Complicating matters slightly is the lack of native support of MFA for vCenter access by local accounts. It’s possible to handle that indirectly, should your enterprise choose to do so. In this case, one easy approach would be to use robust (long, unique, complex) passwords as recommended above; while it’s still a single authentication factor, long complex passwords are extremely resistant to brute forcing. Another option would be to set up an isolated network for the ESXi management portals, similar to those described in the “Interim Mitigation Options” section of the previous recommendation. In this case, you would use your MFA-enabled remote access solution of choice to apply access controls to the gateway. Only explicitly defined users would be able to access the jump host (cautious administrators will also wish to define known hosts for each user), and only the jump host, along with the vCenter local users, could access the management portals.

Enable normal lockdown mode

Why it helps

Implementing normal lockdown mode restricts direct access to ESXi hosts, mandating management via vCenter Server to uphold defined roles and access control. This mitigates risks associated with unauthorized or insufficiently audited activities. When a host is in lockdown mode, users on the Exception Users list can access the host from the ESXi Shell and through SSH, if they have the Administrator role on the host. (Because this control involves vCenter, it is not available for standalone ESXI hosts.)

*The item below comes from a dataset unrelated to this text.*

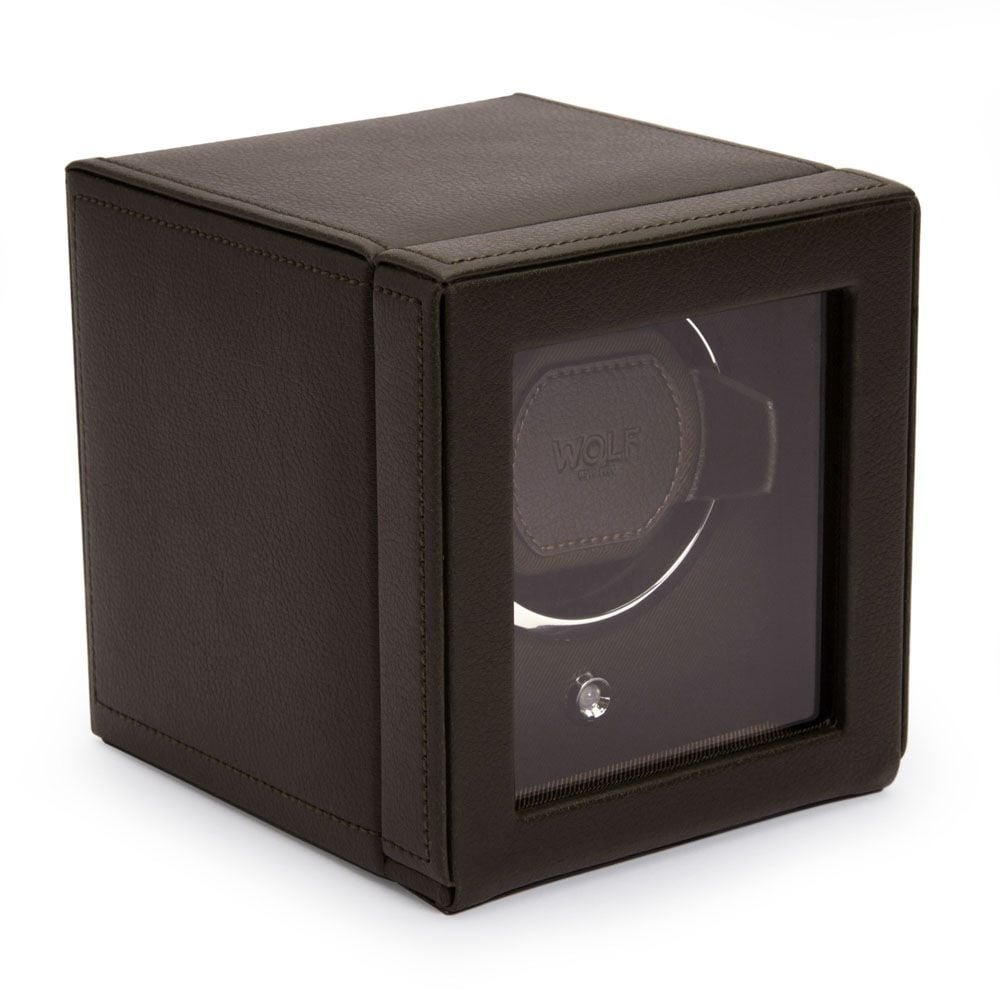 WOLF Brown Cub Single Watch Winder with Cover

Some administrators may be concerned that normal lockdown mode may interfere with certain operations like backup and troubleshooting. If this is a consideration, temporary deactivation is an option, as long as reactivation upon completion of a given task is standard operating procedure.

How to do it

For an ESXi host, via vSphere Web Client:

  1. Select the host
  2. Select Configure, then expand System and select Security Profile > Lockdown Mode> Edit
  3. Click the Normal radio button

Connect to the ESXi host and, from a PowerCLI command prompt, run the following commands. (These are shown in the list below, but all four can actually be entered at the same time. If you choose to cut and paste from this article, be sure to avoid the bullets.)

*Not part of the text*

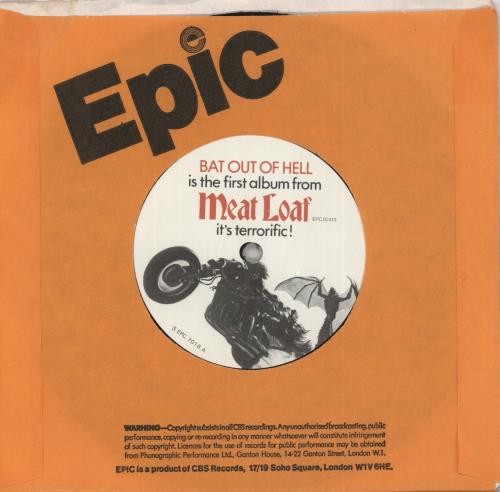 Meat Loaf Bat Out Of Hell 7" vinyl single (7 inch record / 45) UK MEA07BA579399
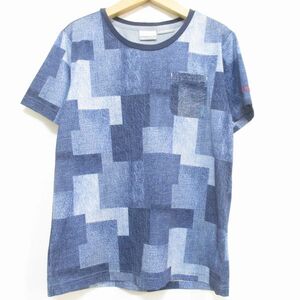 【コロンビア】デニムのパッチワーク風プリント◆オムニフリーズゼロ Tシャツ◆レディース/L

  • $level = “lockdownNormal”
  • $vmhost = Get-VMHost -Name | Get-View
  • $lockdown = Get-View $vmhost.ConfigManager.HostAccessManager
  • $lockdown.ChangeLockdownMode($level)

Deactivate SSH when not in use

Why it helps

Now and then it’s necessary to use SSH when interacting with vCenter Servers and ESXi hosts — for instance, while patching, as mentioned above. However, turning off SSH when not in use reduces the attack surface by removing a target for brute force attacks, or use of compromised credentials.

How to do it

For vCenter, follow the instructions on the linked page, making sure the Enable SSH login radio button is unselected.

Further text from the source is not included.